In my dream I was listening to Vera Lynn singing “We’ll meet again, don’t know where, don’t know when but I know we’ll meet again some sunny day”.
I had a new appreciation for why British soldiers and those they left behind in WW2 loved that song. I did not feel sad. I was happy for everyone who found solace in her song.
Is my mind hoping for rebirth? I know we have no intrinsic self that could be reborn and I’m happy that every action we take shapes the future of everything, but my mental roommate Mr Ego may not have accepted those truths yet.
We walk around the desert museum for a couple of hours. I realize now, of course you’d stay if you were born here into the time tested way of life. Also, if you did go exploring you’d find the land all around was pretty much the same.
The mountain lion is so elegant but its home is so small compared to what a lion is used to. The wolves look bored and the deer seems to have lost the will to live. The javelinas have a much larger territory, though, and they look happy. The desert plants don’t appear to need territory in the way mobile brings do. They come in such diverse forms. How amazing life is!
There are so many places we’re tempted to visit but we do want to be home before Christmas so after lunch we just barrel along the highway to Lordsberg New Mexico. We’re soon away from saguaro cacti and climbing through terrain covered by rounded light brown boulders balanced perilously on others.

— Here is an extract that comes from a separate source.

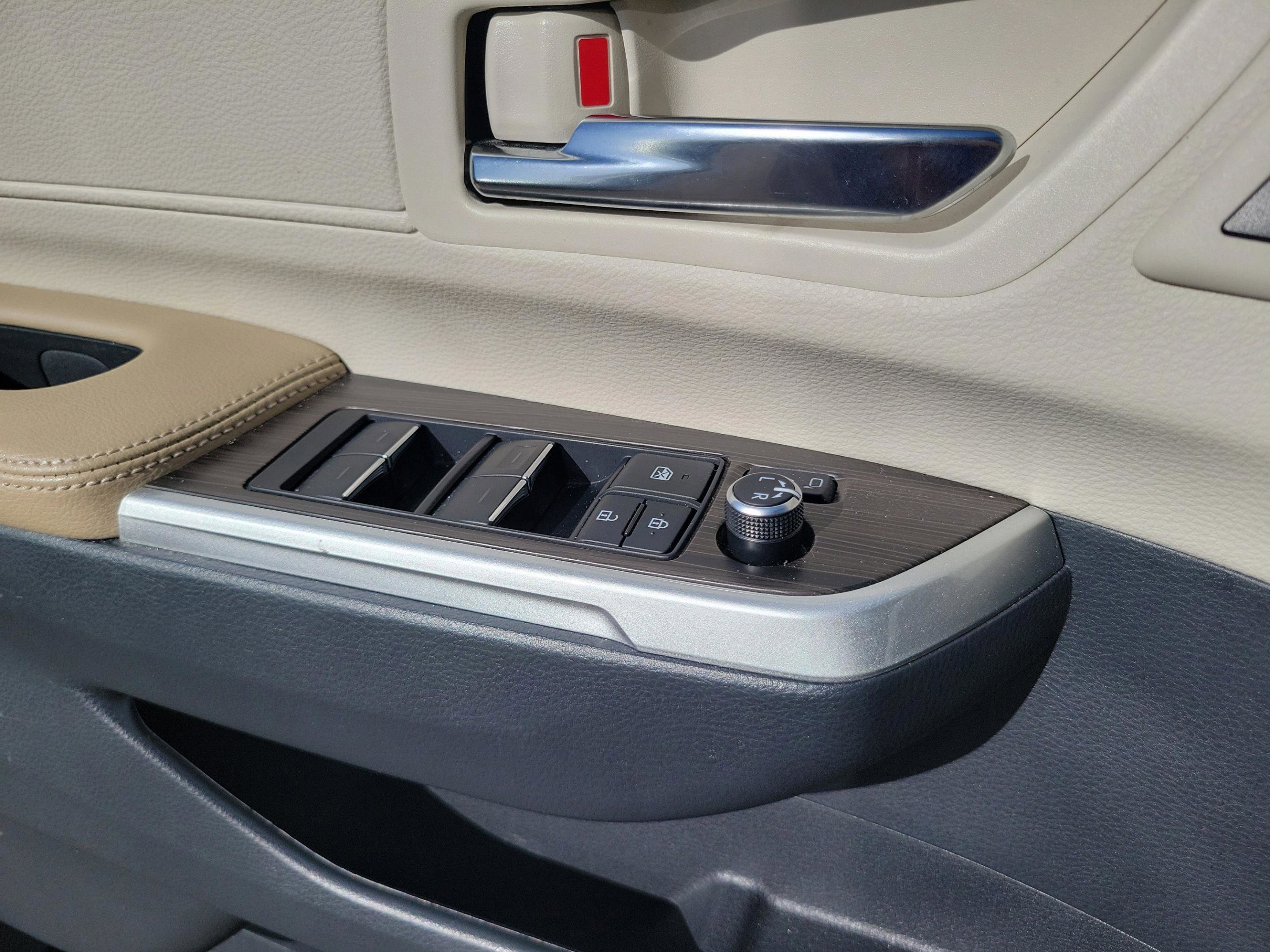 Used 2021 Toyota Sienna Limited image 21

The land flattens, the mountain ranges are further from the road. The cacti are low growing, agave, cholla and others. Then mesquite and what look to be more and more creosote bushes. They smell so fine!

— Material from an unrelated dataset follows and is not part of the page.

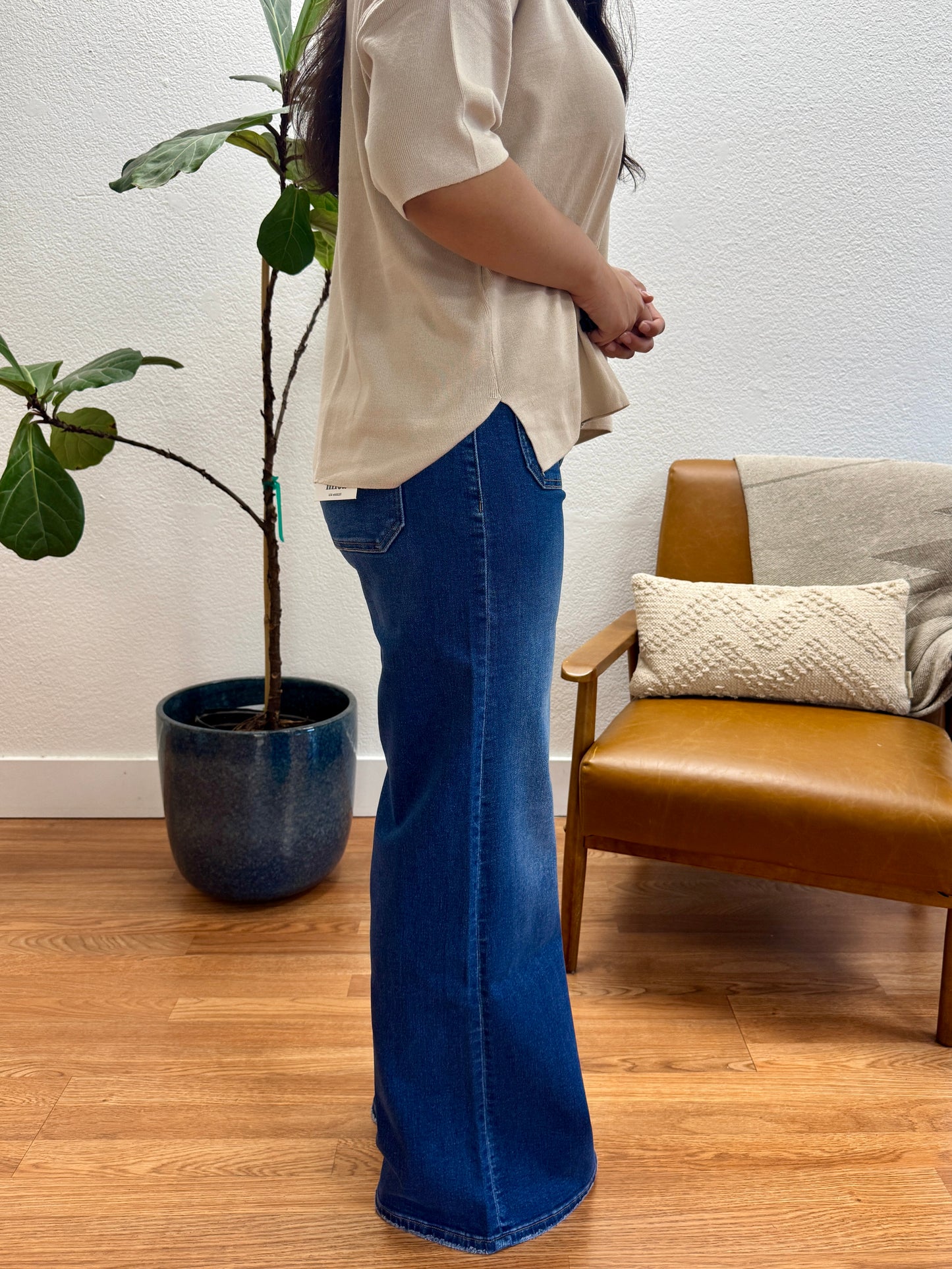 Medium Front Pocket Wide Leg Jeans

The road goes on and on. We pass a few tracts of pecans. Nothing humans en masse want can grow here without irrigation. How long before that collapses as it did at Casa Grande and what will we do then? This is why we have science fiction.
As we get close to today’s destination, road signs warn us about dust storms. If we get in one we must pull over and stop, turn off our lights, stay off the brake pedal, remain buckled, and wait. We’re on a very flat and very large stretch of sand with surprisingly large areas of standing water. The grass growing thinly around the water is brown.
And now we’re at the KOA. This one is a bare parking lot, very different from last night’s where all the sites were nestled among desert plants and trees. The man who checks us in puts us next to another camper because he knows people like to be close to each other.
Next day – There are so many places to see in New Mexico but most of them are too cold now and also, we want to be home before Christmas. We’ll head for the Gulf of Mexico and explore the coast.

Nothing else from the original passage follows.